▶ **Recorded data**
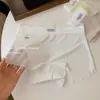 Ropa interior femenina de seda helada con sensación fresca, entrepierna antibacteriana de algodón puro, segura y anti-exposición, nuevo estilo fino de verano 2025 para mujer, shorts tipo bóxer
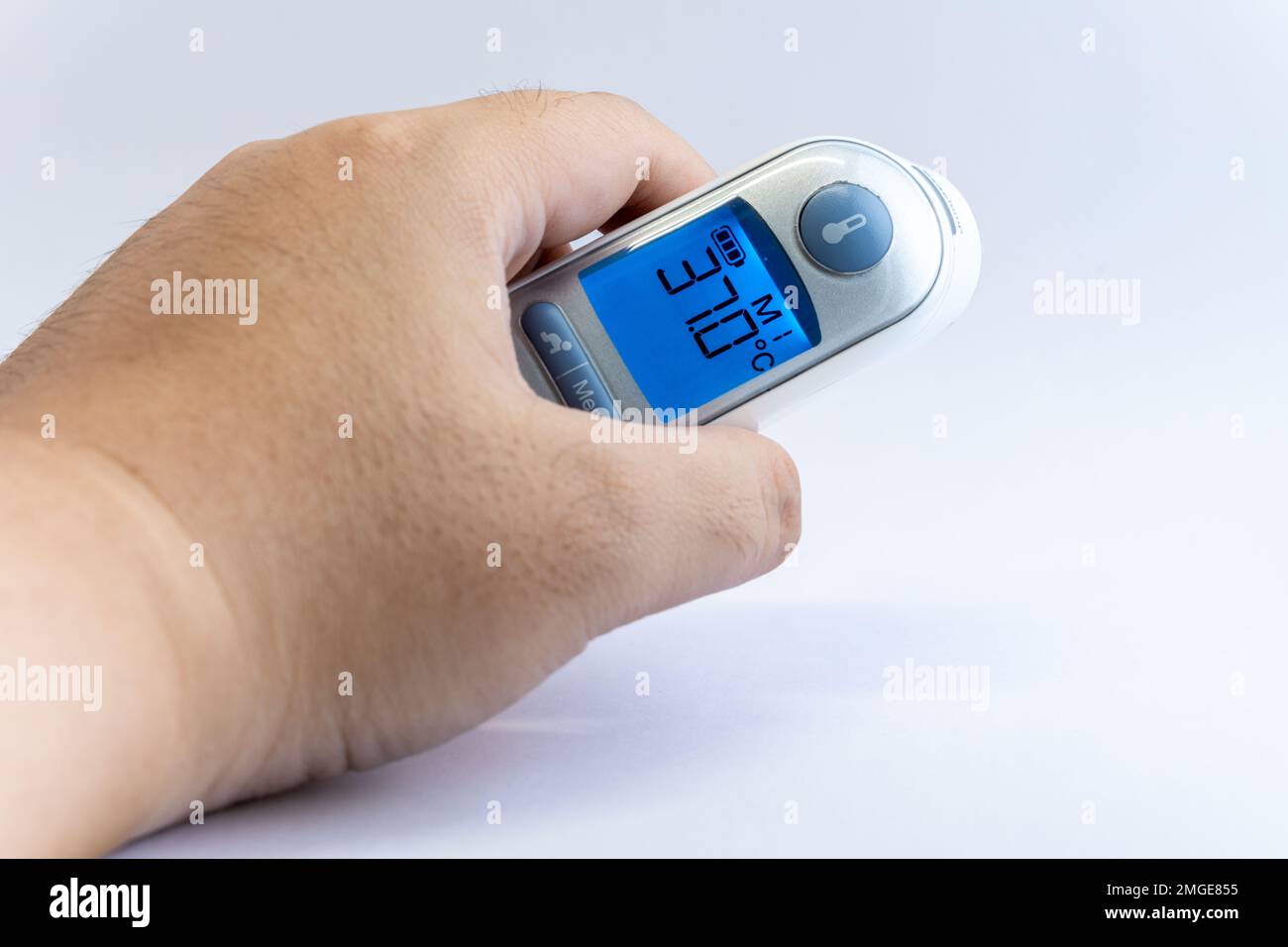 Main humaine tenir un thermomètre numérique infrarouge pour l'analyse de la température corporelle de la maladie du coronavirus COVID-19, de la grippe, de la fièvre ou d'autres maladies. Soins de santé Banque D'Images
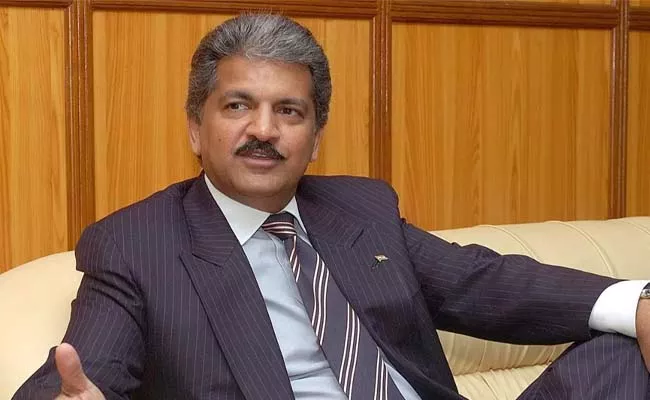 15 drawing ek sath world record video goes viral Anand Mahindra offers - Sakshi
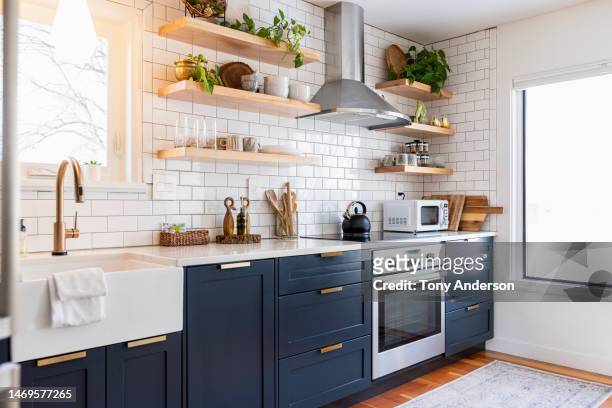 interior of home kitchen - cocina electrodomésticos fotografías e imágenes de stock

▶ **What to work on**
When you retype the data above, match every line exactly and leave the pictures behind.

▶ **Answer section**
 Ropa interior femenina de seda helada con sensación fresca, entrepierna antibacteriana de algodón puro, segura y anti-exposición, nuevo estilo fino de verano 2025 para mujer, shorts tipo bóxer
 Main humaine tenir un thermomètre numérique infrarouge pour l'analyse de la température corporelle de la maladie du coronavirus COVID-19, de la grippe, de la fièvre ou d'autres maladies. Soins de santé Banque D'Images
 15 drawing ek sath world record video goes viral Anand Mahindra offers - Sakshi
 interior of home kitchen - cocina electrodomésticos fotografías e imágenes de stock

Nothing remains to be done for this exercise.